Letter 48
Consider a "Wheel of Fortune" in a carnival. You bet on a particular number coming up, and if you're right, you win a prize.
Now, the prizes, taken as a whole, aren't worth as much as the bet you made, so that even with a "winning" result, you lose money. This is how most carnival wheels, guess your weight scams, etc. work. You bet $5 or so, and most of the prizes cost the operator $3. Even with a perfectly honest wheel, the operator is making money, and the longer you play, the more money they make.
Let's assume that the operator decides its time to get out of the business. They sell the wheel and the inventory to someone else. In order to make back the purchase price more quickly, the new operator decides to rig the outcomes very slightly by "adjusting" the wheel. They make more money, and the business becomes more valuable. The new owner sells at a profit.

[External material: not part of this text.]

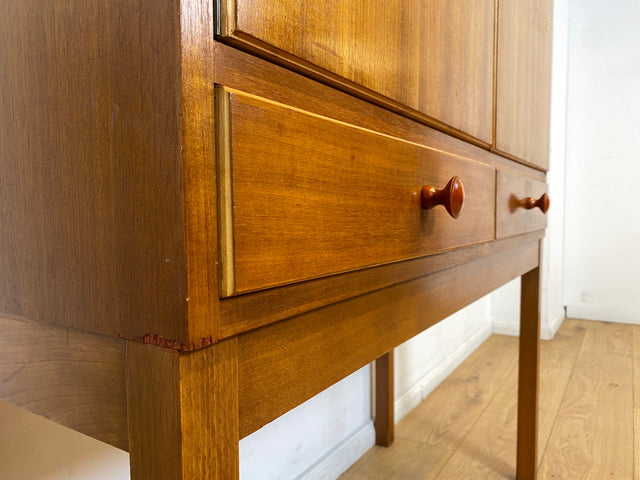 WMK I Schöner & geräumiger Mid-Century Schrank mit Schubladen und formschönen Holzgriffen I Highboard Kommode Wäscheschrank Wäschekommode Fernsehschrank Vintage 60er 70er Retro Berlin Wolfsburg NRW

The newest owner needs to make back the higher purchase price, so...
This is how a dishonest system becomes more dishonest over time. It's a one-way process, as nobody wants their operation to become less profitable, and less valuable on the market than it was in the last sale.
We see many examples of this. There's a term for it when referring to online enterprises. "Enshittification." The pressure to always get more profit from the same system or product at every transaction means that less utility is delivered to the end user over time.
Insurance companies, always under pressure to increase profits and more profit to shareholders, pay out less. Goods become more cheaply made, even as prices go up every year.
Every publicly traded enterprise and the products they make are subject to this pressure. More money for cheaper goods and shoddier services is the rule, not the exception. Therefore, since every concern is subject to this pressure, competition has a very limited influence on this process. The clothes that you buy from any given retailer is likely to fall apart more quickly than those you bought ten years ago, regardless of who you buy it from. Every airline has more delays and worsening service, regardless of which airline you choose.
You can resist this by trying to buy, as much as possible, directly from the person who made or grew what you are purchasing. But since the "enshittified" goods set the market, even these goods are subject to pressures to produce lower quality goods at higher prices. Predatory pricing by large firms who can afford to drive smaller concerns out of the market by temporarily selling at or near a loss, then raising their prices once they're the only game in town. Anyone who has ever had Wal-Mart invade their town and drive all the small stores out of business, only to see the Wal-Mart raise its prices once they've cornered the market has experienced this first hand.
This is the real driver behind the endemic inflation we see in the U.S. market. Breaking this dynamic is a complex proposition. Limitations on predatory pricing, taxing windfall profits and limitations on stock trading can ameliorate this, somewhat, but as long as Wall Street owns the world, and is allowed to use its wealth to prevent meaningful regulation, the process will continue.
What happens when prices get so high and quality is so shoddy that no one can afford the goods anymore? Well, that doesn't appear anywhere on a quarterly report. It's going to get a lot more "enshittified" before it gets better.